Red may get boring, so you may want the ability to change colors, maybe randomly, and maybe make a "background" color instead of "off".
I made a "giant VU meter effect". It uses regular red LEDs (spaced at about 4-inches to make it about 8-feet tall) so I can't do any "color tricks" , (I may change that.)
To keep it interesting, it randomly reverses (going down instead of up with loudness), it inverts (more LEDs going off when it gets louder) and it "mirrors" with the LEDs "moving" out from the center, or in toward the center when reversed. It also switches between bar-graph and dot modes.
...It has 6 other sequencing/blinking effects, with similar random variations.
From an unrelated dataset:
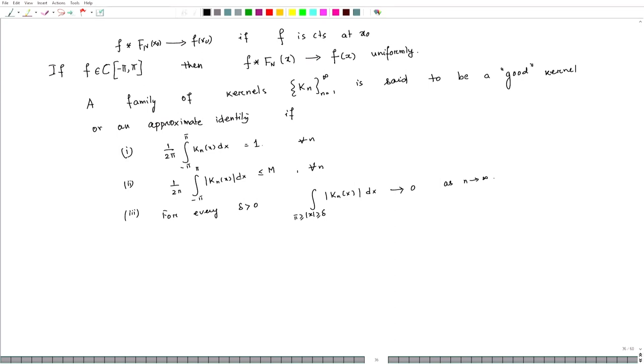Why is it called an approximate identity? Under convolution, if we take two continuous functions and convolve them they remain continuous. One would like to ask whether this space has an identity element — it will never have one because the Fourier transform would have to vanish to 0. So what we are doing is approximating the identity with a family kₙ via convolution.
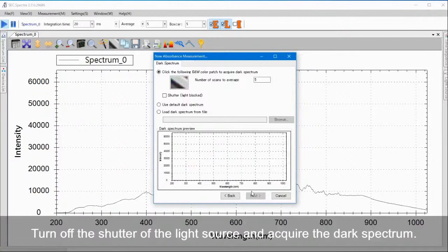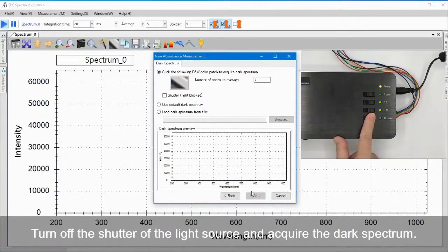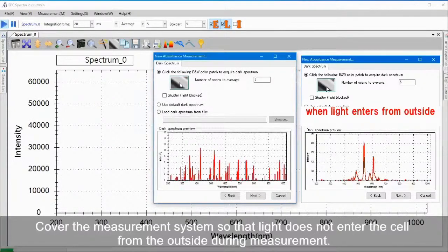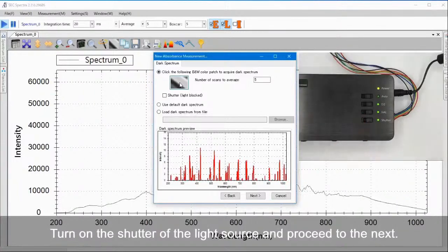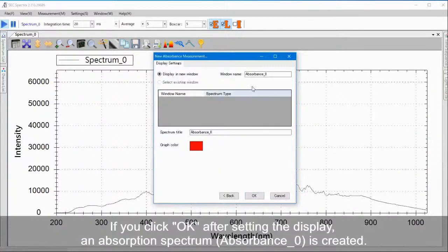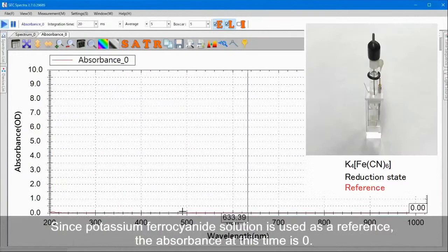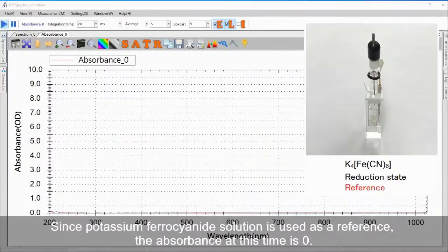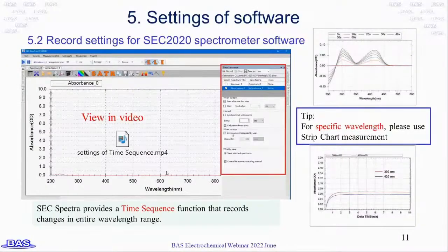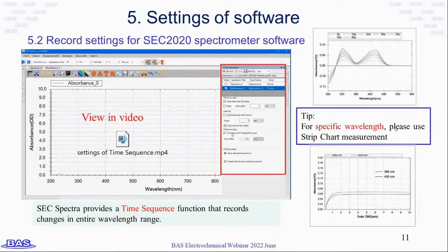Turn off the shutter of the light source and acquire the dark spectrum. Cover the measurement system so that light does not enter the cell from the outside during measurement. Turn on the shutter of the light source and proceed to the next step. After setting the display and clicking OK, an absorption spectrum with absorbance zero is created. Since potassium ferrocyanide solution is used as a reference, the absorbance at this time is zero. For the second step, set up the record settings for SEC 2020 spectrometer software. SEC Spectra provides a time sequence to record spectrum changes in the entire wavelength range. For specific wavelengths, please use strip chart measurement.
I have two switches - One to "hold" the current effect with all the variations and one "hold all" switch, if for example, I want to lock-in the regular bar-graph VU meter (which is how it always starts).
Since my effect is not any kind of "meter" and it's not measuring dB or anything meaningful, the sensitivity is continuously-automatically adjusted based on a circular buffer that stores the (approximate) 20-second peak and moving average.
The "top" of the meter is "calibrated" to the recent peak so it's almost always reaching the top.
The "bottom" of the meter is is the average level instead of near-silence. That gives lots of "meter action" with most music.
I'm using two resistors as a voltage divider. Then a decoupling capacitor between the audio input from the line level to the arduino pin. Also I have a pulldown resistor hooked to the audio input, which I don't think I need at this point. I'll check in to the bits of code that you have pointed out and see what is the matter. Reply is much appreciated, thank you.